Segment Start: Material for this task

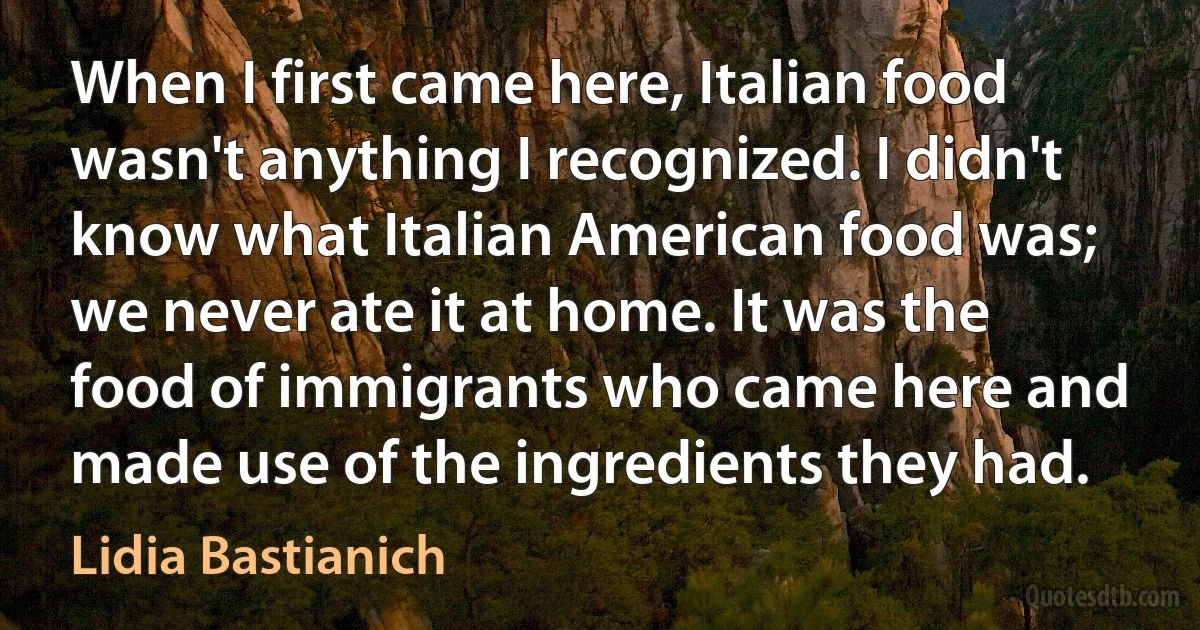 When I first came here, Italian food wasn't anything I recognized. I didn't know what Italian American food was; we never ate it at home. It was the food of immigrants who came here and made use of the ingredients they had. (Lidia Bastianich)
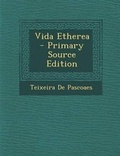 Cover: Vida Etherea - Primary Source Edition - Nabu Press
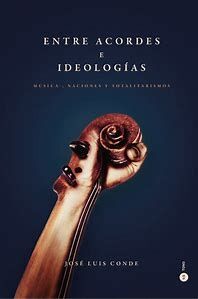 Entre acordes e ideologías. 9788412790108
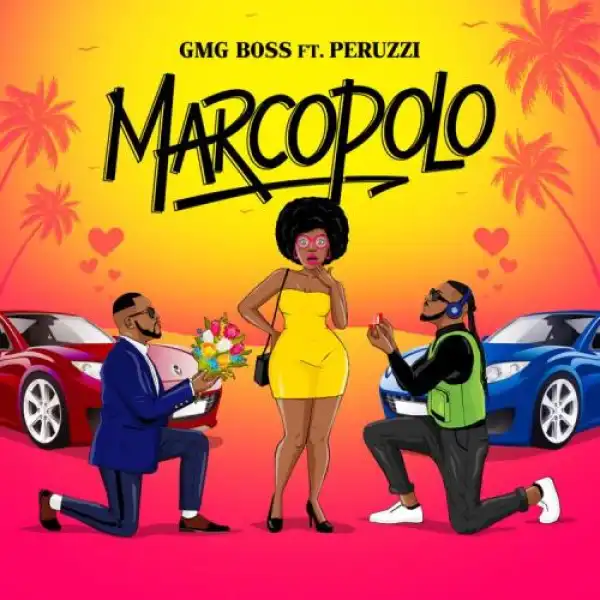 GMG Boss Ft. Peruzzi – Marco Polo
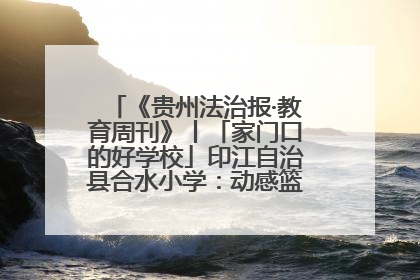 《贵州法治报·教育周刊》丨「家门口的好学校」印江自治县合水小学：动感篮球操 活力满校园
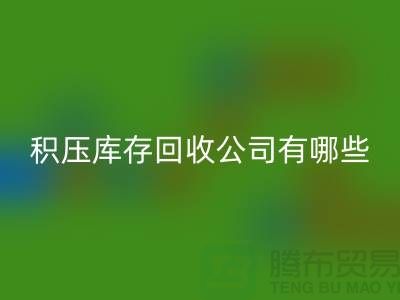 积压库存回收公司有哪些-可以帮助您解决积压库存问题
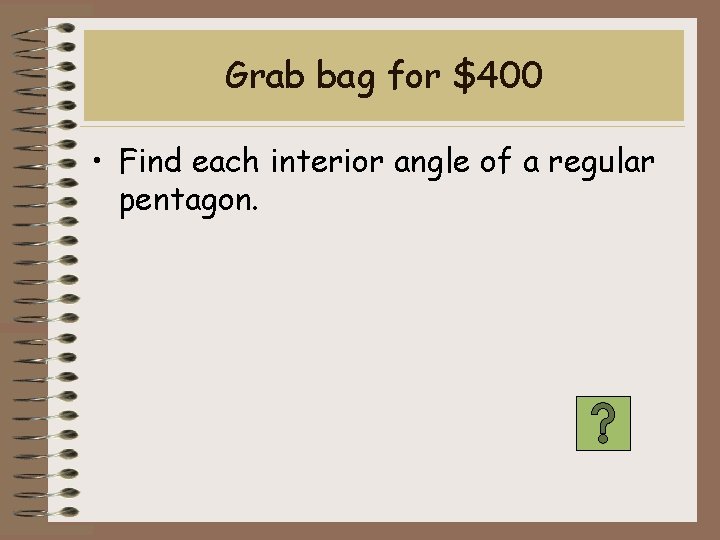 Grab bag for $400 • Find each interior angle of a regular pentagon. 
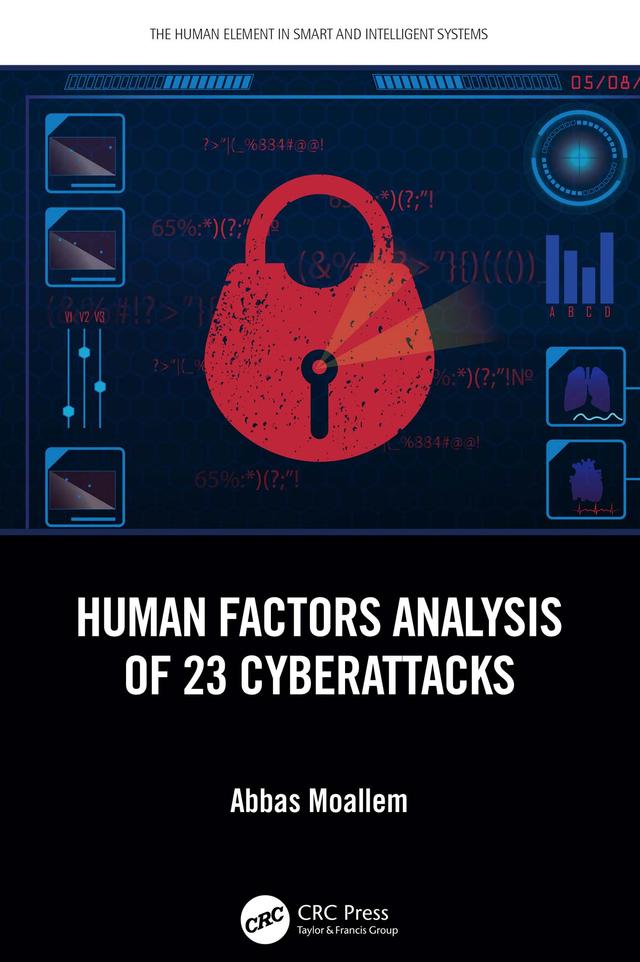 Human Factors Analysis of 23 Cyberattacks by Abbas Moallem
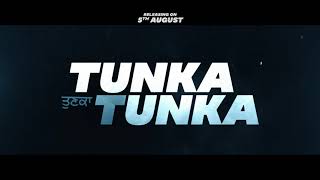 Dialogue Promo 1 - Tunka Tunka | In Cinemas 5 August | Hardeep Grewal | Garry Khatrao
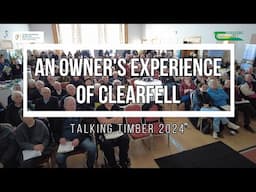 An Owner's Experience of Clearfell - Talking Timber 2024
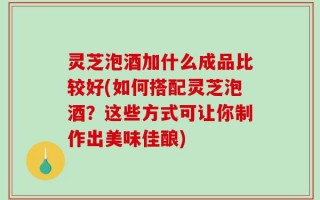 灵芝泡酒加什么成品比较好(如何搭配灵芝泡酒？这些方式可让你制作出美味佳酿)
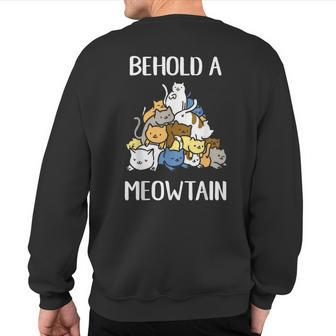 Behold A Meowtain Cat Lover Sweatshirt Back Print - Monsterry UK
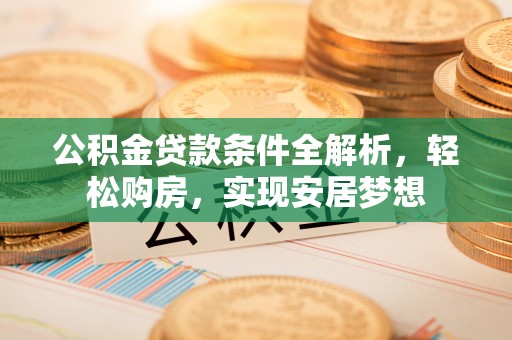 快速公积金贷款条件全解析，轻松购房，实现安居梦想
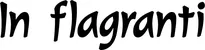 Produktbeispiel Schriftzug - In flagranti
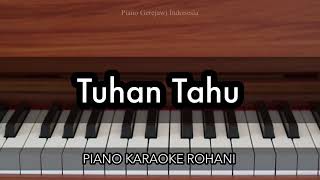 Tuhan Tahu  Melitha Sidabutar Alvin Christian Clarisa Dewi  Piano Karaoke Rohani [upl. by Schnurr]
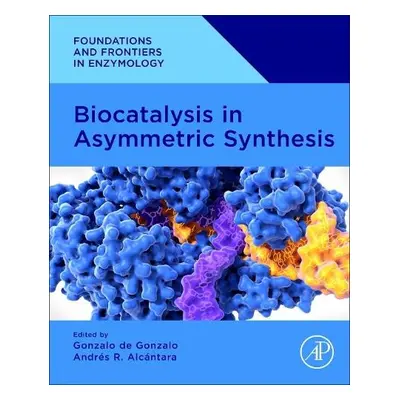 Biocatalysis in Asymmetric Synthesis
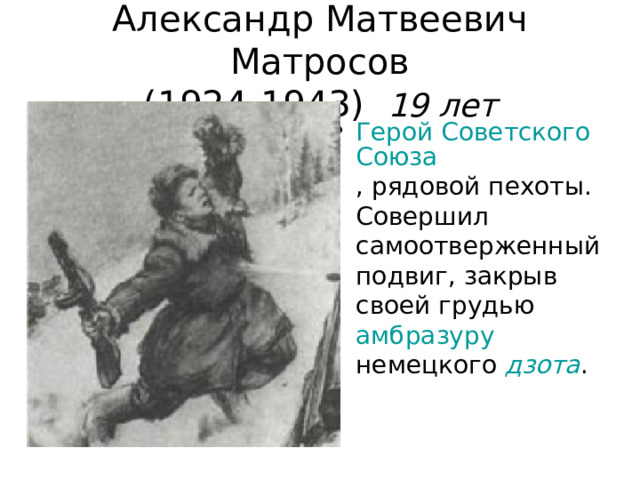 Александр Матвеевич Матросов  (1924-1943) 19 лет Герой Советского Союза , рядовой пехоты. Совершил самоотверженный подвиг, закрыв своей грудью амбразуру немецкого дзота .  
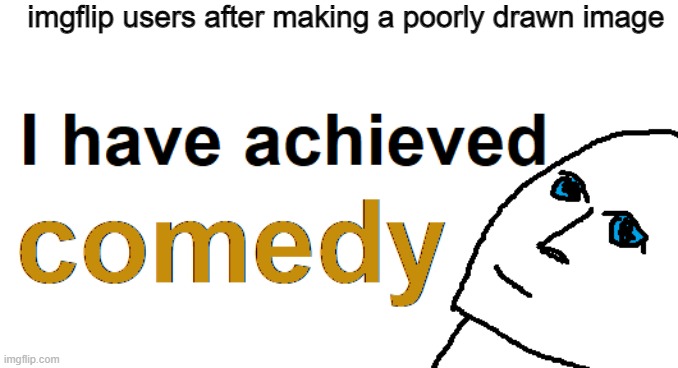 imgflip memes right now: | imgflip users after making a poorly drawn image | image tagged in i have achieved comedy | made w/ Imgflip meme maker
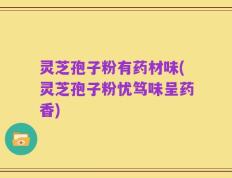 灵芝孢子粉有药材味(灵芝孢子粉忧笃味呈药香)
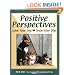 Positive Perspectives: Love Your Dog, Train Your Dog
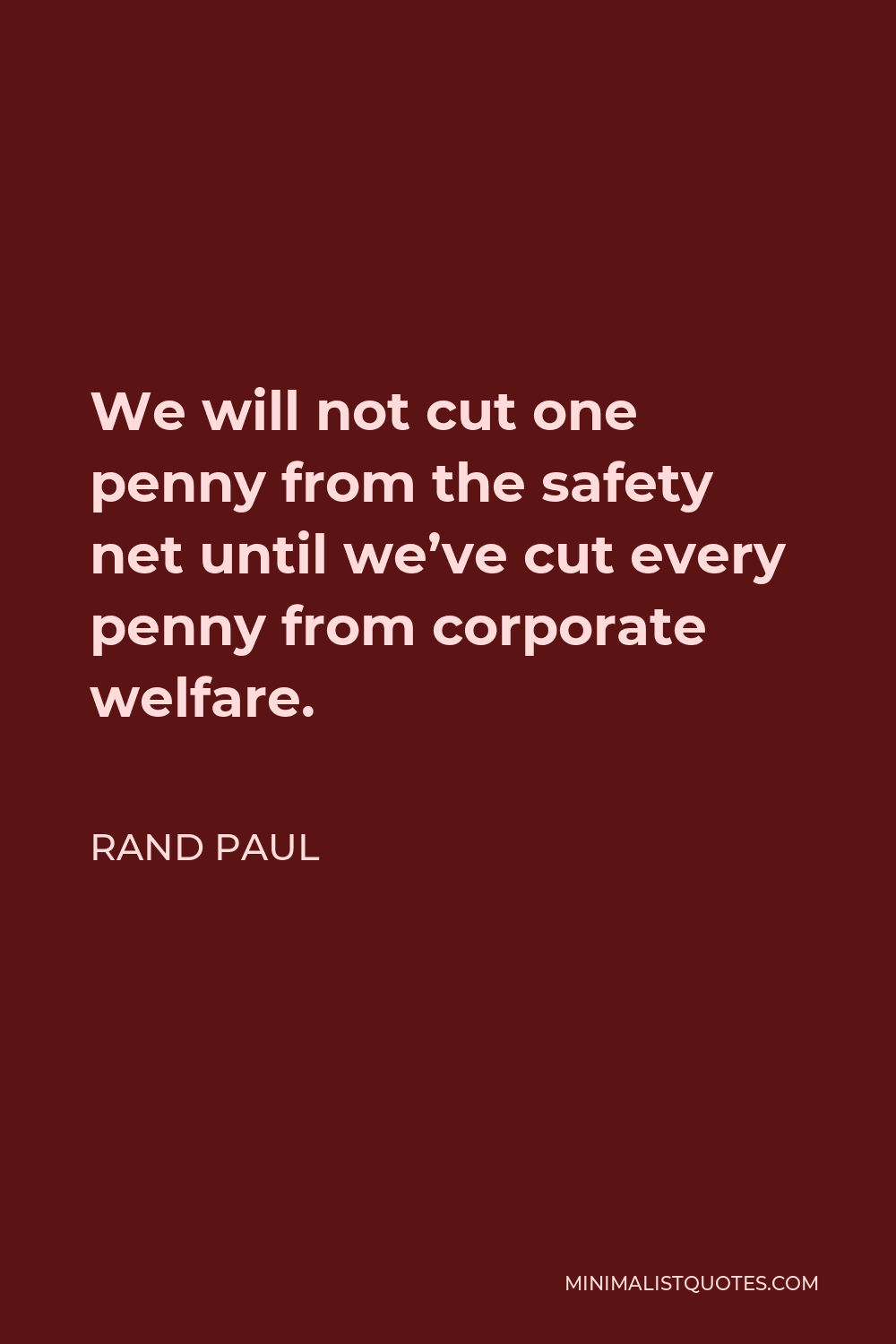Rand Paul Quote - We will not cut one penny from the safety net until we’ve cut every penny from corporate welfare.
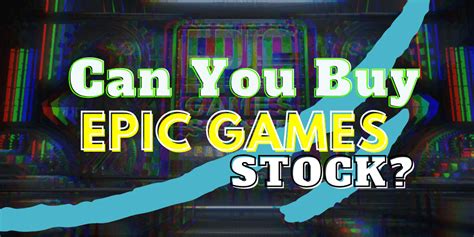 Can You Buy Epic Games Stock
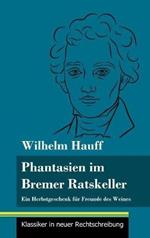 Fantasien im Bremer Ratskeller: Ein Herbstgeschenk für Freunde des Weines (Band 148, Klassiker in neuer Rechtschreibung)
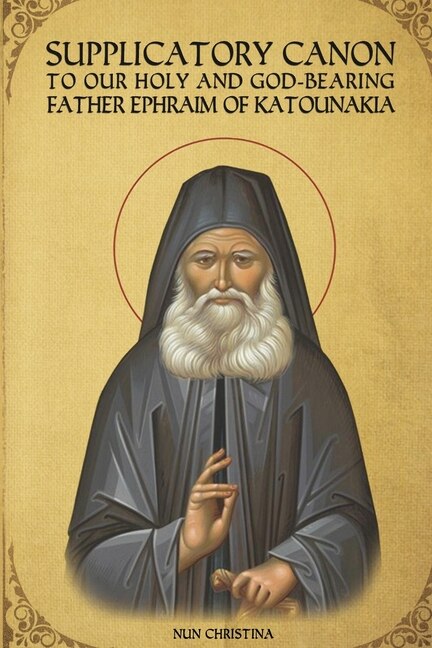 Supplicatory Canon to Saint Ephraim of Katounakia by St George Monastery, Paperback | Indigo Chapters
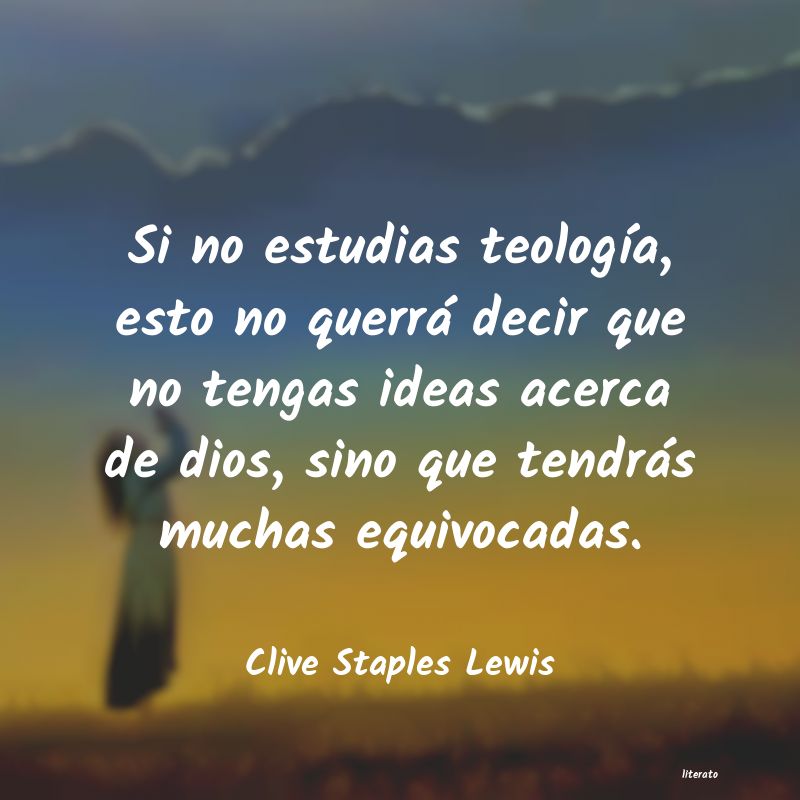 Frases de Clive Staples Lewis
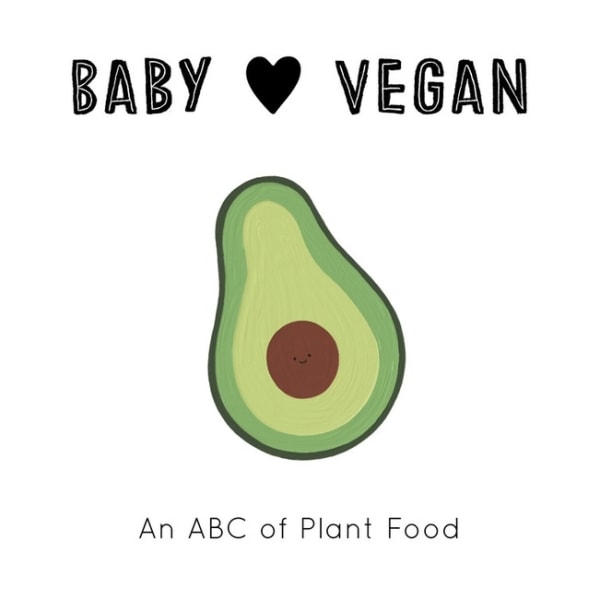 Baby Loves Vegan - : An ABC of Plant Food 9780711253230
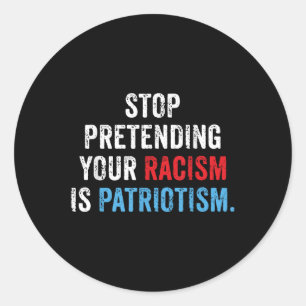 Sluta förekomma din rasism är patriotism. runt klistermärke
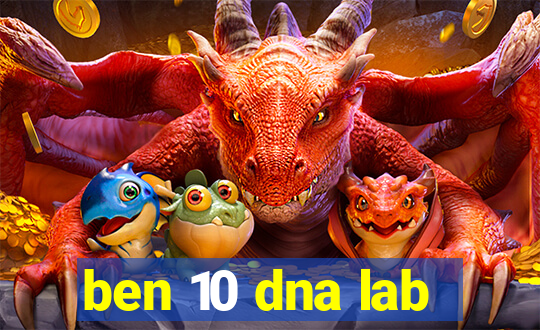 ben 10 dna lab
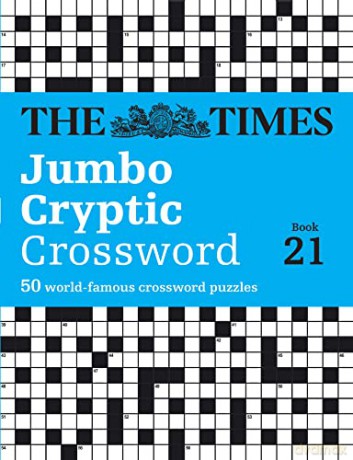 The Times Jumbo Cryptic Crossword Book 21: The world's most challenging cryptic crossword (The Times Crosswords) - The Times Mind Games [KSIĄŻKA]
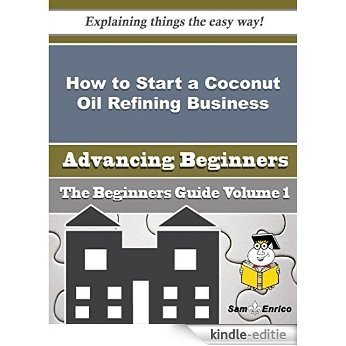 How to Start a Coconut Oil Refining Business (Beginners Guide) (English Edition) [Kindle-editie] beoordelingen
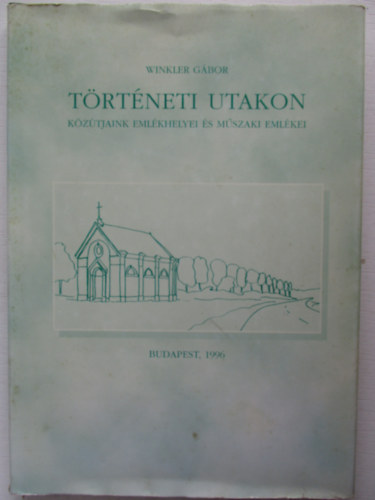 Dr. Winkler Gbor - Trtneti utakon (kztjaink emlkhelyei s mszaki emlkei)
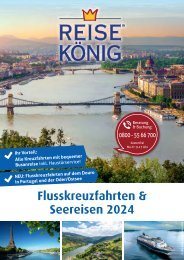 REISE KÖNIG Flusskreuzfahrten & Seereisen 2024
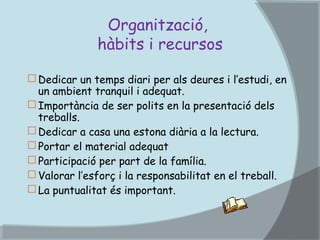 Organització,
hàbits i recursos
 Dedicar un temps diari per als deures i l’estudi, en
un ambient tranquil i adequat.
 Importància de ser polits en la presentació dels
treballs.
 Dedicar a casa una estona diària a la lectura.
 Portar el material adequat
 Participació per part de la família.
 Valorar l’esforç i la responsabilitat en el treball.
 La puntualitat és important.

 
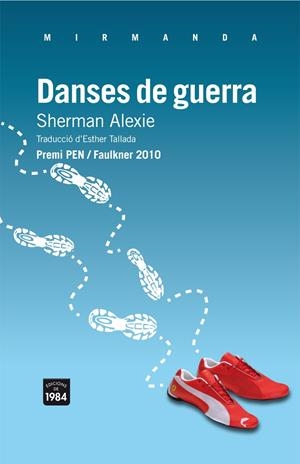 DANSES DE GUERRA | 9788492440887 | SHERMAN ALEXIE
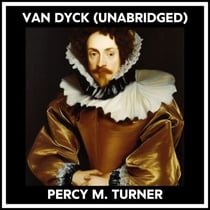 Van Dyck (Unabridged)
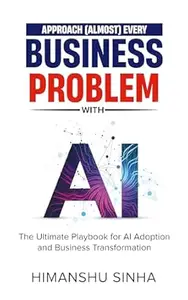 Approach (Almost) Every Business Problem with A.I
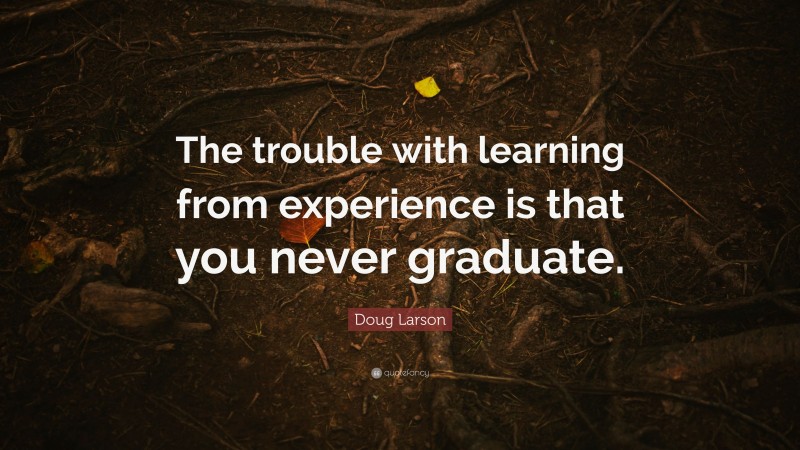 Doug Larson Quote: “The trouble with learning from experience is that you never graduate.”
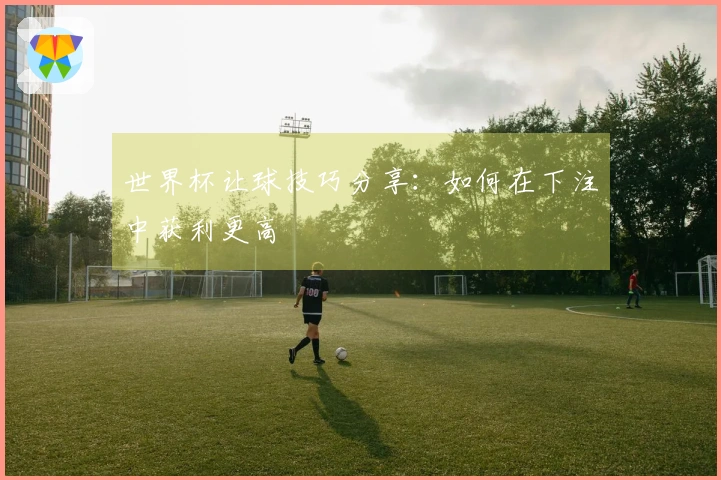 世界杯让球技巧分享：如何在下注中获利更高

Segment End: Material for this task

### Problem
Give the lines above again exactly, from the one containing "Behold A Meowtain" to the one containing "Baby Loves Vegan", both included, but leave out the pictures.

### Solved exercise
 Behold A Meowtain Cat Lover Sweatshirt Back Print - Monsterry UK
 快速公积金贷款条件全解析，轻松购房，实现安居梦想
 Produktbeispiel Schriftzug - In flagranti
 Tuhan Tahu  Melitha Sidabutar Alvin Christian Clarisa Dewi  Piano Karaoke Rohani [upl. by Schnurr]
 Biocatalysis in Asymmetric Synthesis
 Александр Матвеевич Матросов  (1924-1943) 19 лет Герой Советского Союза , рядовой пехоты. Совершил самоотверженный подвиг, закрыв своей грудью амбразуру немецкого дзота .  
 imgflip memes right now: | imgflip users after making a poorly drawn image | image tagged in i have achieved comedy | made w/ Imgflip meme maker
 灵芝孢子粉有药材味(灵芝孢子粉忧笃味呈药香)
 Positive Perspectives: Love Your Dog, Train Your Dog
Rand Paul Quote - We will not cut one penny from the safety net until we’ve cut every penny from corporate welfare.
 Can You Buy Epic Games Stock
 Fantasien im Bremer Ratskeller: Ein Herbstgeschenk für Freunde des Weines (Band 148, Klassiker in neuer Rechtschreibung)
 Supplicatory Canon to Saint Ephraim of Katounakia by St George Monastery, Paperback | Indigo Chapters
 Frases de Clive Staples Lewis
 Baby Loves Vegan - : An ABC of Plant Food 9780711253230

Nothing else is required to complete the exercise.